Question

The least remainder when \( 17^{30} \) is divided by 5, is

• A. 2
• B. 1
• C. 4
• D. 3

Hint:

For powers of numbers modulo a prime, use Euler’s theorem to reduce large exponents modulo the prime.

Answer 1

The Correct Option is C

Step 1: Use Euler's Theorem.
We are asked to find the remainder when \( 17^{30} \) is divided by 5. By Euler's theorem, if \( a \) and \( n \) are coprime (i.e., \( \gcd(a, n) = 1 \)), then: \[ a^{\phi(n)} \equiv 1 \, (\text{mod} \, n) \] where \( \phi(n) \) is Euler's totient function.

Step 2: Compute \( \phi(5) \).
Since 5 is a prime number, \( \phi(5) = 5 - 1 = 4 \). Therefore, by Euler's theorem: \[ 17^4 \equiv 1 \, (\text{mod} \, 5) \]

Step 3: Simplify the exponent.
We need to find \( 17^{30} \mod 5 \).
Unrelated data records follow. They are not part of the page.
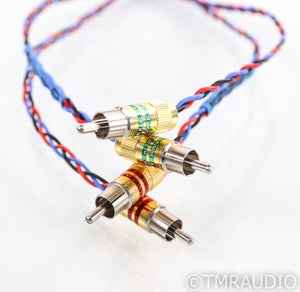Kimber Kable PBJ RCA Cables; .5m Pair Interconnects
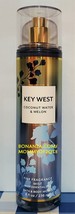 Bath and Body Works KEY WEST Coconut Water Melon Fragrance Mist - £15.72 GBP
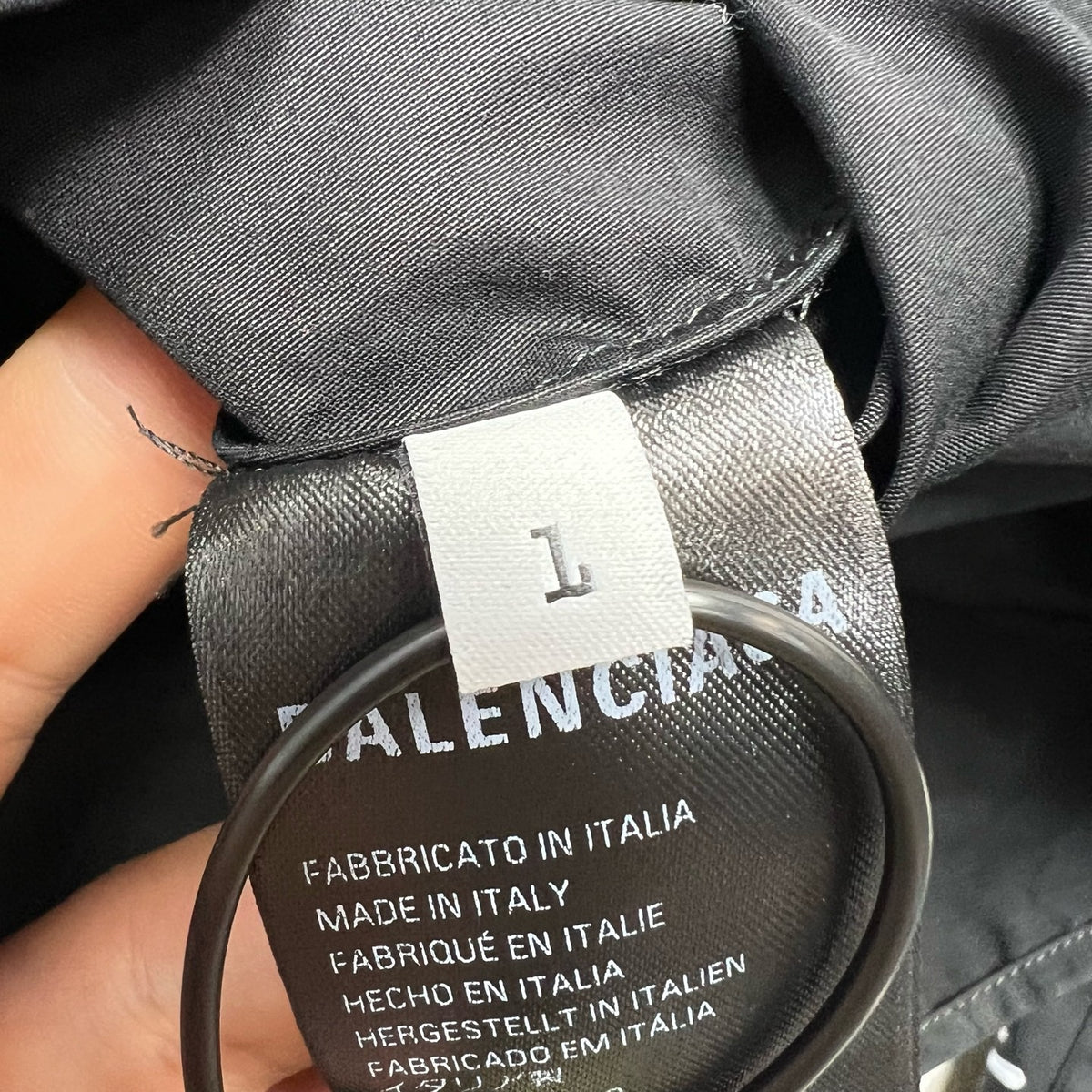 Balenciaga - Other - Polyamide - Black - (1)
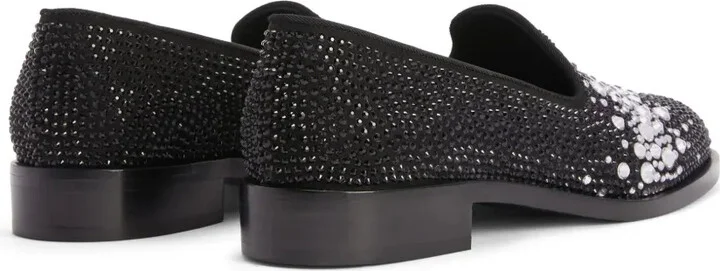 Matildha crystal-embellished loafers - Image 3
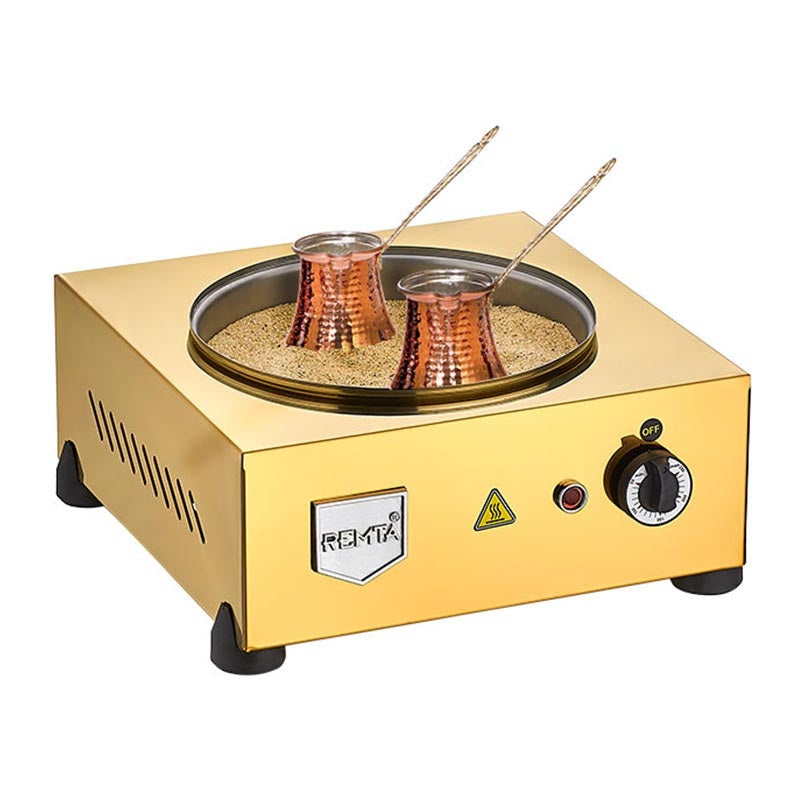 Remta KF02 Coffee Machine Golden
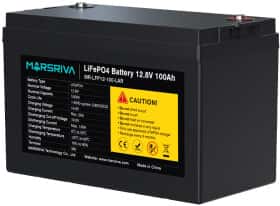 Аккумулятор для ИБП Marsriva MR-LFP12-9-LAR MR-LFP12-100-LAR 100 Ач 12.8 В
We can break the exponent down using the fact that \( 17^4 \equiv 1 \, (\text{mod} \, 5) \). First, express 30 as: \[ 30 = 4 \times 7 + 2 \] So, \[ 17^{30} = 17^{4 \times 7 + 2} = (17^4)^7 \times 17^2 \] Since \( 17^4 \equiv 1 \, (\text{mod} \, 5) \), we have: \[ (17^4)^7 \equiv 1^7 = 1 \, (\text{mod} \, 5) \] Thus, \[ 17^{30} \equiv 17^2 \, (\text{mod} \, 5) \]

Step 4: Calculate \( 17^2 \mod 5 \).
Now, calculate \( 17^2 \mod 5 \): \[ 17 \equiv 2 \, (\text{mod} \, 5) \] So, \[ 17^2 \equiv 2^2 = 4 \, (\text{mod} \, 5) \]

Step 5: Conclusion.
Thus, \( 17^{30} \equiv 4 \, (\text{mod} \, 5) \), so the least remainder when \( 17^{30} \) is divided by 5 is \( 4 \), corresponding to option (C).